Nützliche Nähe

Die neue Offenheit der Top-Manager

18.11.2014
Von Kristin Schmidt, Martin Seiwert und Lin Freitag

Das Interesse am Menschen rückt in der Vordergrund

Hinzu kommt: Gerade in Zeiten, in denen wirtschaftliche Zusammenhänge immer komplexer und die Nachrichtenberge immer unüberschaubarer werden, suchen Mitarbeiter, Verbraucher und Investoren nach Orientierung, die ihnen verklausulierte Jahresberichte oder weichgespülte Pressemitteilungen nicht geben können.

"Menschen", sagt Dopheide, "vertrauen Menschen."

Weshalb gerade anonym anmutende Unternehmen oder abstrakte ökonomische Zusammenhänge vermehrt über die verantwortlichen Manager an der Spitze sinnbildlich kommuniziert werden.
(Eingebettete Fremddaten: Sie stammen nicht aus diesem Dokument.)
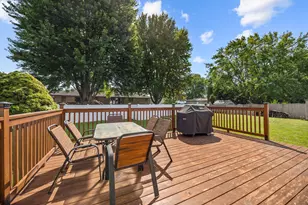 660 Louise Dr, Hinckley, IL 60520 - Photo 25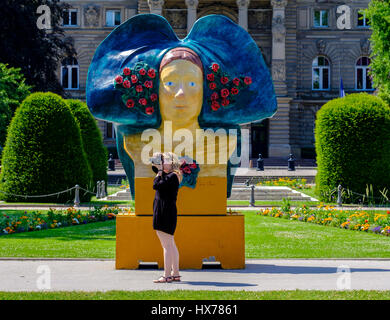 'Rose-Marianne, la Rosière du Kochersberg' sculpture par Jean Noël 2007, l'Art de la rue, Strasbourg, Alsace, France Banque D'Images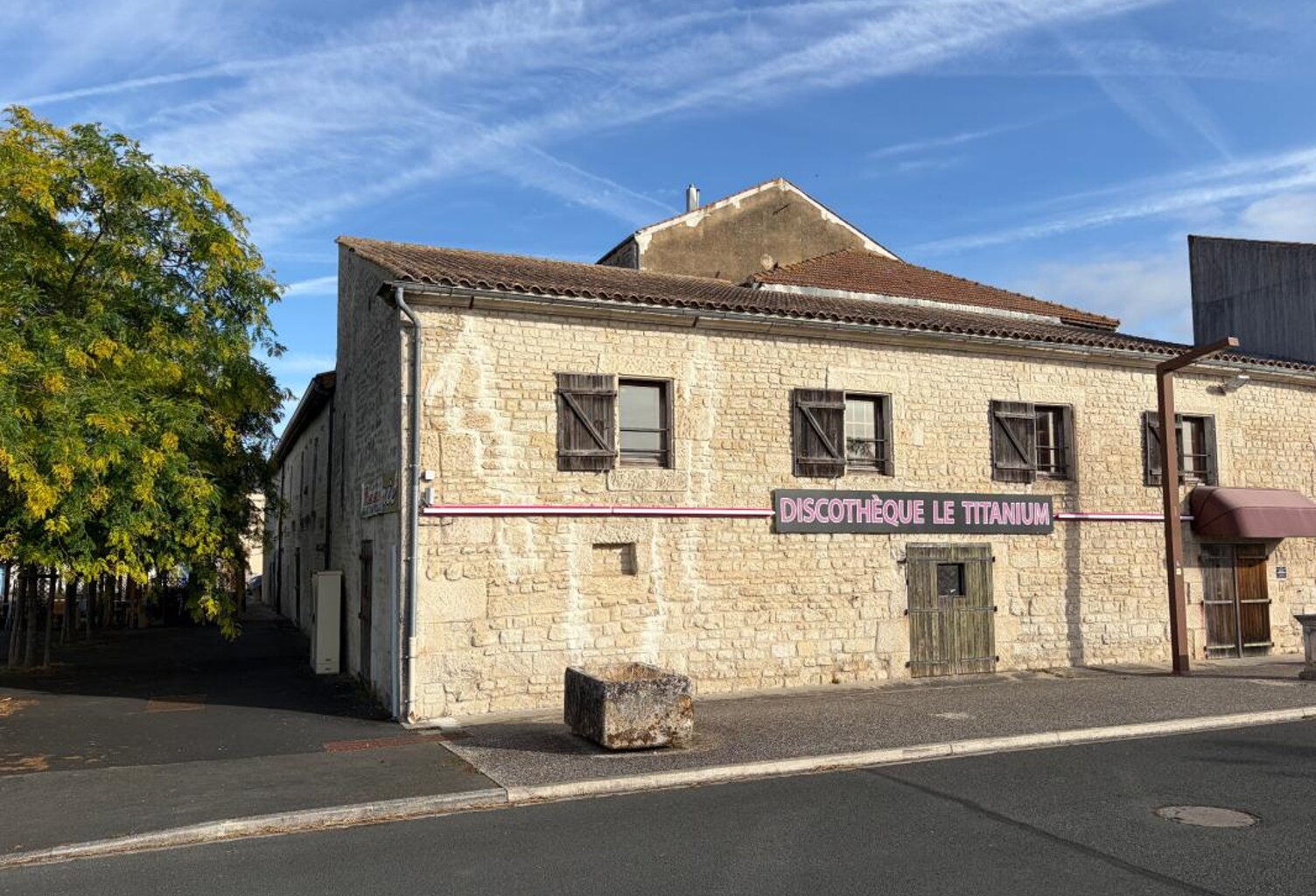 LUCON (85400) - EMPLACEMENT A FORTE VISIBILITE - IMMEUBLE DE RAPPORT AVEC RENTABILITE A FORT POTENTIEL — photo 1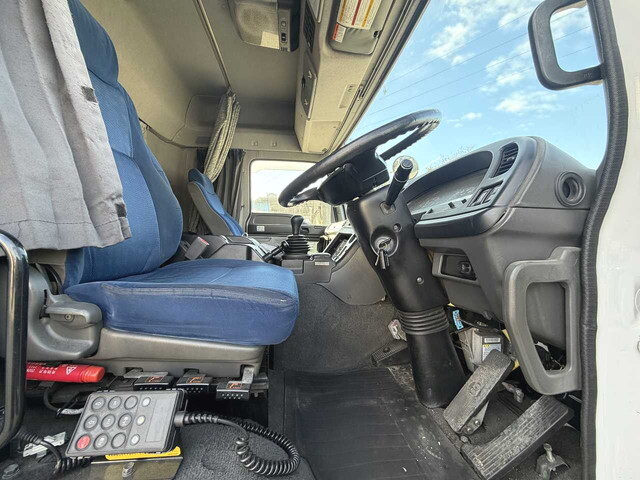 いすゞギガアルミウイング大型（10t）[写真32]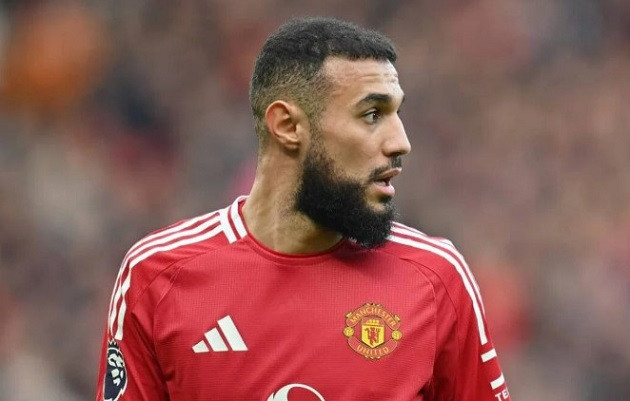 Noussair Mazraoui giải mã bản lĩnh của Manchester United sau chiến thắng kịch tính ở Dublin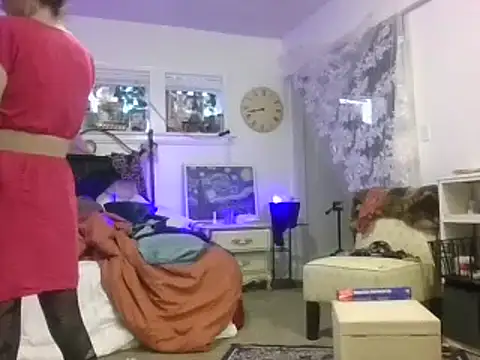 Phoenixmonroe0810 online show from January 29, 2025, 9:50 pm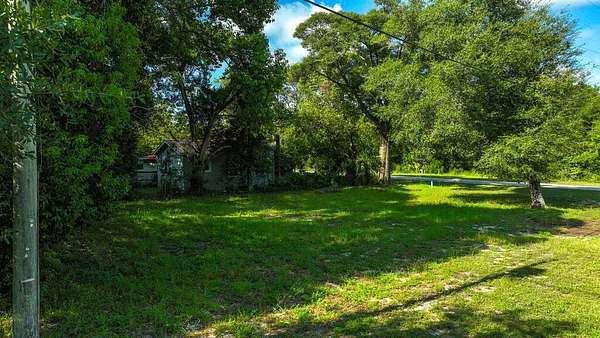 0.13 Acres of Mixed-Use Land for Sale in Carrabelle, Florida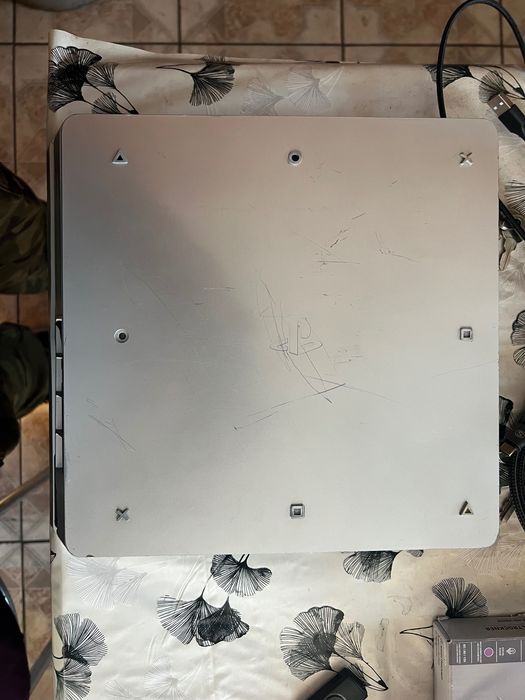 PS4 + 3 pady + 24 gry (w tym RDR2, GTA V, Cyberpunk)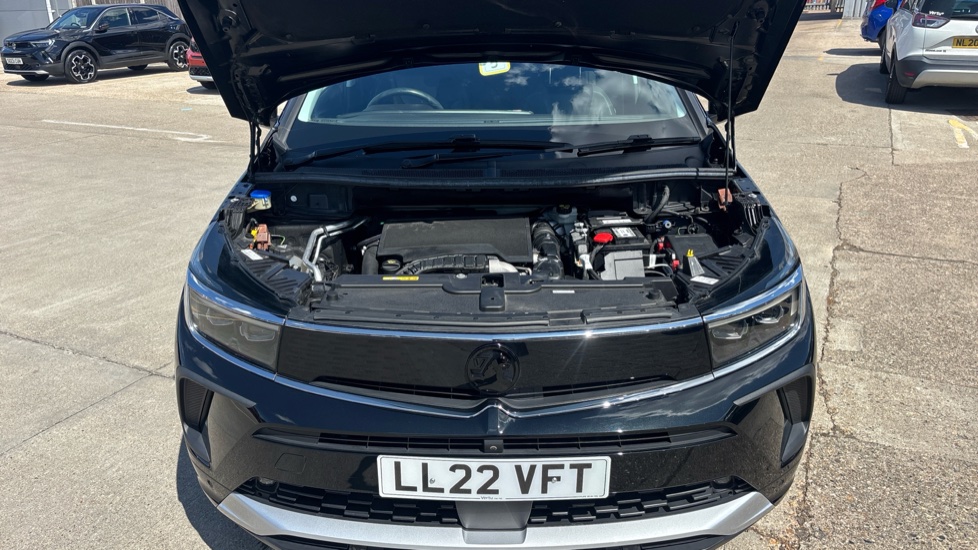 Vauxhall Grandland 1.2 Turbo Ultimate 5dr Auto Petrol Hatchback - Image 8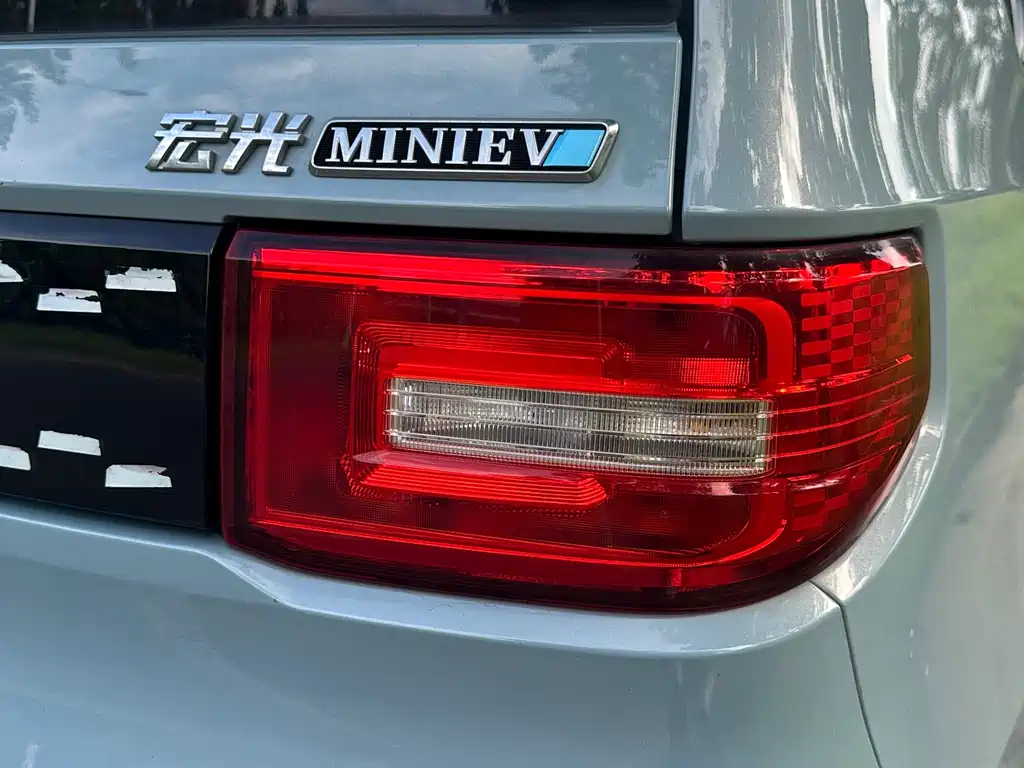 Wuling MINIEV — миниатюра 11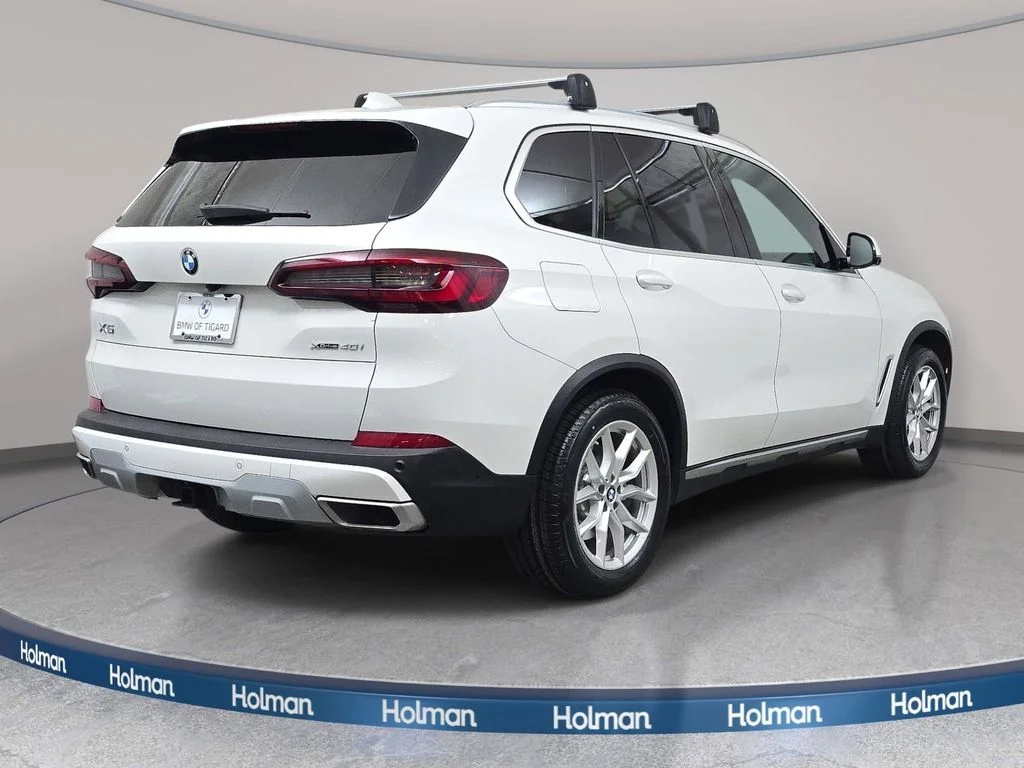 Used 2021 Alpine White BMW xDrive40i image 6
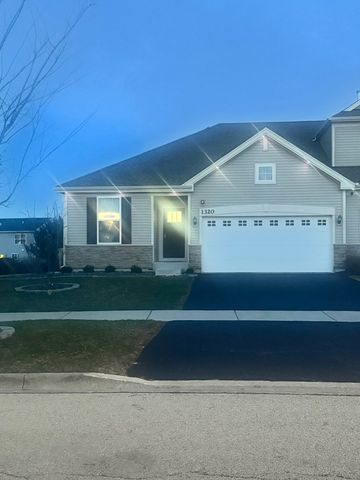 1320 Hawk Hollow Drive, Yorkville, IL 60560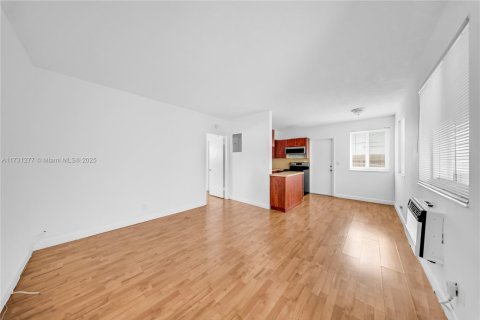 Condo in Hollywood, Florida, 1 bedroom  № 1811636 - photo 1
Laut CEO Communications Monitor der Beratung Keynote Kommunikation ist die Medienpräsenz der Dax-Chefs im ersten Halbjahr 2014 im Vergleich zum Vorjahreszeitraum um 7,2 Prozent gestiegen. Das Interesse an den Menschen rückt in den Vordergrund, und auch die Nähe zu Promis aus Wirtschaft und Politik wächst, vor allem dank der sozialen Medien. Das Bild vom knallharten Manager mit der ernsten Mine und dem grauen Anzug bekommt ein menschliches Antlitz, wenn - wie kürzlich bei Opels Marketingvorstand Tina Müller geschehen - ein Urlaubsfoto auf dem offiziellen Twitter-Kanal auftaucht.

Mitarbeiter müssen informiert werden

Was auf den ersten Blick selbstverliebt, beliebig oder gar gedankenlos wirken mag, folgt in der Regel einer ausgeklügelten Strategie, mit der Zeitpunkt, Umfang, Adressat und Formulierung der Information gezielt gewählt werden.

So wie von Regine Stachelhaus, bis zum vergangenen Sommer Personalvorstand beim Essener Energiekonzern E.On. Was ihre Mitarbeiter schon seit Jahren wussten, erfährt die Öffentlichkeit erst, als sie im Jahr 2013 ihren Rücktritt bekannt gibt und den Grund für ihr Ausscheiden gleich mitliefert: Weil ihr Ehemann schwer erkrankt ist, will sie sich mehr Zeit für ihn nehmen.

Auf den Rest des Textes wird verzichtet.